We’ve both committed to far higher investment decisions without telling each other but I wouldn’t consider that as spending.

Dragracer · 30/04/2026 16:33

MsSquiz · 30/04/2026 12:33

We don’t have a set amount, but more what it’s going to be spent on…
updating the kids wardrobes when they move up a size - no discussion
a trip away - discussion
gifts for the kids birthday and Christmas - discussion
food shop - no discussion

our joint account is for household and family purchases. Most things aren’t discussed but may be mentioned in conversation
“X needs a new bike, any ideas what to get?” Rather than talking about the cost, if that makes sense?

Yeah this. I'd never ask permission to spend money. But things that really I don't want to be solely in charge of, like holiday planning, gift buying, animal buying, we talk about. If I wasn't sure a purchase was worth it I'd ask his opinion. Not because he's some form of authority or would have an issue but because he's a second brain to help do the thinking.

Our money is completely joint. One pot. It's all household money here, doesn't matter who earned it.
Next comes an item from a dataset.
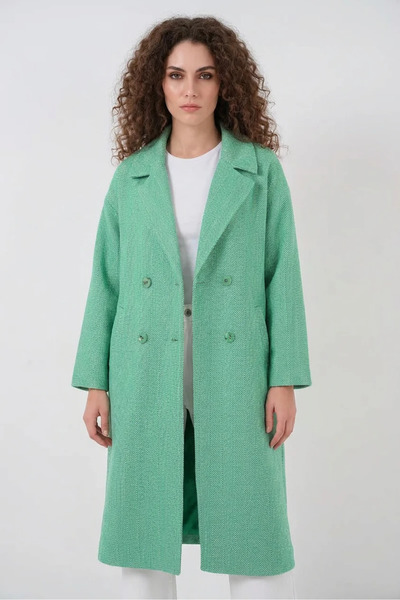 buğrahayalin Women's Wide Collar Oversize Herringbone Patterned Cashmere Gree...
stargirl27 · 30/04/2026 16:34

coulditbeme2323 · 30/04/2026 16:25

It's in the thread.

You actually haven't explained what part of the law relates to the thread you have started, which is about what amount you would check with your husband before spending. The reason is there is no law relating to this. Credentials are that I'm a divorce solicitor.
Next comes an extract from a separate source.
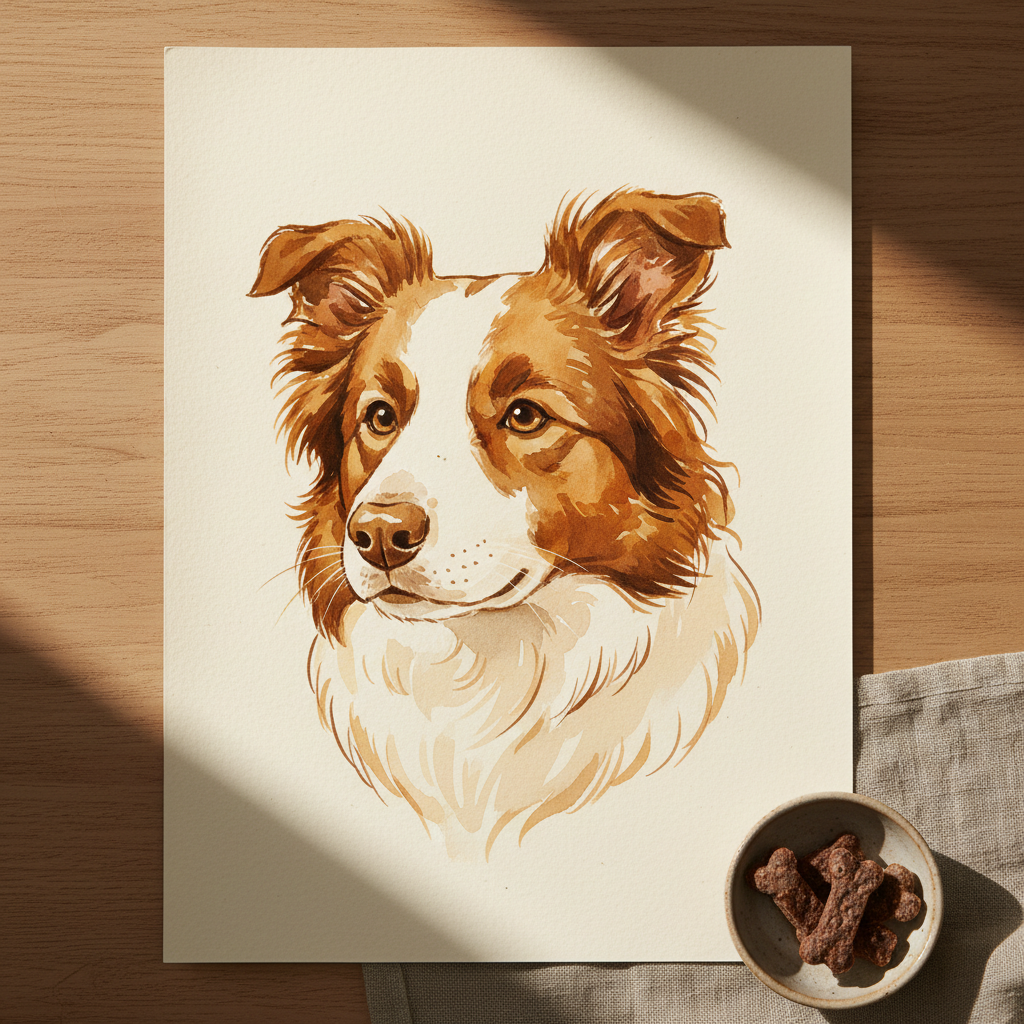 Illustration of Butter the border collie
Prisonbreak · 30/04/2026 16:37

separate finances here. We pay our equal share or the bills and the rest of our money is ours. Never discuss big purchases. My man is a car freak and regularly buys another car. I have no idea what savings he has and he has no idea of mine. 15 years, never had an issue

IDontHateRainbows · 30/04/2026 16:37

I bought some £200 boots recently didn't check as it's my money but didn't keep it secret either. Just as well as the delivery man came with a massive box with All Saints written on it when I was out and DH took delivery !

coulditbeme2323 · 30/04/2026 16:40

stargirl27 · 30/04/2026 16:34

You actually haven't explained what part of the law relates to the thread you have started, which is about what amount you would check with your husband before spending. The reason is there is no law relating to this. Credentials are that I'm a divorce solicitor.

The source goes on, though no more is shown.